Although critics are glad to see last year’s draft reconsidered, they remain concerned. “The CDC needs to make sure that this guidance doesn’t give employers leeway to prioritize profits over protection,” said Jane Thomason, the lead industrial hygienist at the union National Nurses United.
She’s part of a growing coalition of experts from unions, the American Public Health Association, and other organizations putting together an outside statement on elements that ought to be included in the CDC’s guidelines, such as the importance of air filtration and N95 masks.
But that input may not be taken into consideration.
The CDC has not publicly announced the names of experts it added this year. It also hasn’t said whether those experts will be able to vote on the committee’s next draft — or merely provide advice. The group has met this year, but members are barred from discussing the proceedings. The CDC did not respond to questions and interview requests from KFF Health News.
A key point of contention in the draft guidance is that it recommends different approaches for airborne viruses that “spread predominantly over short distances” versus those that “spread efficiently over long distances.” In 2020, this logic allowed employers to withhold protective gear from many workers.
For example, medical assistants at a large hospital system in California, Sutter Health, weren’t given N95 masks when they accompanied patients who appeared to have Covid through clinics. After receiving a citation from California’s occupational safety and health agency, Sutter appealed by pointing to the CDC’s statements suggesting that the virus spreads mainly over short distances.
A distinction based on distance reflects a lack of scientific understanding, explained Dr. Don Milton, a University of Maryland researcher who specializes in the aerobiology of respiratory viruses. In general, people may be infected by viruses contained in someone’s saliva, snot, or sweat — within droplets too heavy to go far. But people can also inhale viruses riding on teeny-tiny, lighter droplets that travel farther through the air. What matters is which route most often infects people, the concentration of virus-laden droplets, and the consequences of getting exposed to them, Milton said. “By focusing on distance, the CDC will obscure what is known and make bad decisions.”

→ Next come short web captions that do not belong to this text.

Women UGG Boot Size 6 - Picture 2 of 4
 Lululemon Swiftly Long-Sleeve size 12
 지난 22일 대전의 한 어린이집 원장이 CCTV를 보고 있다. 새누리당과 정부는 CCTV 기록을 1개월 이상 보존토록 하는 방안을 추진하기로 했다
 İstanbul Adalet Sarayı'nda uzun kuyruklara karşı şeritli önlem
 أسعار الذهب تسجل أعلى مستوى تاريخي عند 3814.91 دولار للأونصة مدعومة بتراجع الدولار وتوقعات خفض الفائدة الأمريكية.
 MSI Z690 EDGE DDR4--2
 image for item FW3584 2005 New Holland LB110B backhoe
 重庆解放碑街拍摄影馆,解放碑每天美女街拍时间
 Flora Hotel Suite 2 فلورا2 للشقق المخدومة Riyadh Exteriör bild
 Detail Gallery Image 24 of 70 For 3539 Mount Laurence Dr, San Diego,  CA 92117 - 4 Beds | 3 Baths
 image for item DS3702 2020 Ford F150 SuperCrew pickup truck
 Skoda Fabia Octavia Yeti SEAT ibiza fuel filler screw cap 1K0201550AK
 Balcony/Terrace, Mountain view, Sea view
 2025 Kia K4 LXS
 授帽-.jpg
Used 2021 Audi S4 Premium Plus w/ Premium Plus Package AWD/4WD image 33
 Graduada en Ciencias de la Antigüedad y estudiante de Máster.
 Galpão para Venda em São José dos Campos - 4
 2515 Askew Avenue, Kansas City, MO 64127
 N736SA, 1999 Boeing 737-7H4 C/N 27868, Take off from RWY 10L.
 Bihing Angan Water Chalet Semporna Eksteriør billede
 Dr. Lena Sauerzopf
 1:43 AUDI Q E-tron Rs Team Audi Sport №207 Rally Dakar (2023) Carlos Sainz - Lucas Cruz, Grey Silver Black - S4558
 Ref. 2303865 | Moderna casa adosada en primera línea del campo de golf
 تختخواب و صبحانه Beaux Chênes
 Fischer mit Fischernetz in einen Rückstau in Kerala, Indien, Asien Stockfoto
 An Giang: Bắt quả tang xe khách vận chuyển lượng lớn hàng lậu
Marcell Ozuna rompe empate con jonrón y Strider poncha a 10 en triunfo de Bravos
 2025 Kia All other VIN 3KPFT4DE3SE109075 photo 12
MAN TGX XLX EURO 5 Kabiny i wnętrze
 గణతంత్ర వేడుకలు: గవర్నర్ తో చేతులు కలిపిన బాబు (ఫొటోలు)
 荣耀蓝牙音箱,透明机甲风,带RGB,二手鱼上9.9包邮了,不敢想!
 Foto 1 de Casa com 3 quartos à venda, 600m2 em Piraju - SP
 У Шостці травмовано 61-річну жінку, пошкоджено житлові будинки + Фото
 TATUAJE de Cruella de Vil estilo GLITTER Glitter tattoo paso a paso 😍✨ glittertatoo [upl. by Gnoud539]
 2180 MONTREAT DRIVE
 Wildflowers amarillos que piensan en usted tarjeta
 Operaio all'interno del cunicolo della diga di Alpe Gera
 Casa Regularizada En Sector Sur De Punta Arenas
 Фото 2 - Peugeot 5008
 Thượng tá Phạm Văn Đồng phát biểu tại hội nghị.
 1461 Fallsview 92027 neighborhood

Front-line workers were acutely aware they were being exposed to high levels of the coronavirus in hospitals and nursing homes. Some have since filed lawsuits, alleging that employers caused illness, distress, and death by failing to provide personal protective equipment.
One class-action suit brought by staff was once morest Soldiers’ Home, a state-owned veterans’ center in Holyoke, Massachusetts, where at least 76 veterans died from Covid and 83 employees were sickened by the coronavirus in early 2020.
“Even at the end of March, when the Home was averaging five deaths a day, the Soldiers’ Home Defendants were still discouraging employees from wearing PPE,” according to the complaint.
It details the experiences of staff members, including a nursing assistant who said six veterans died in her arms.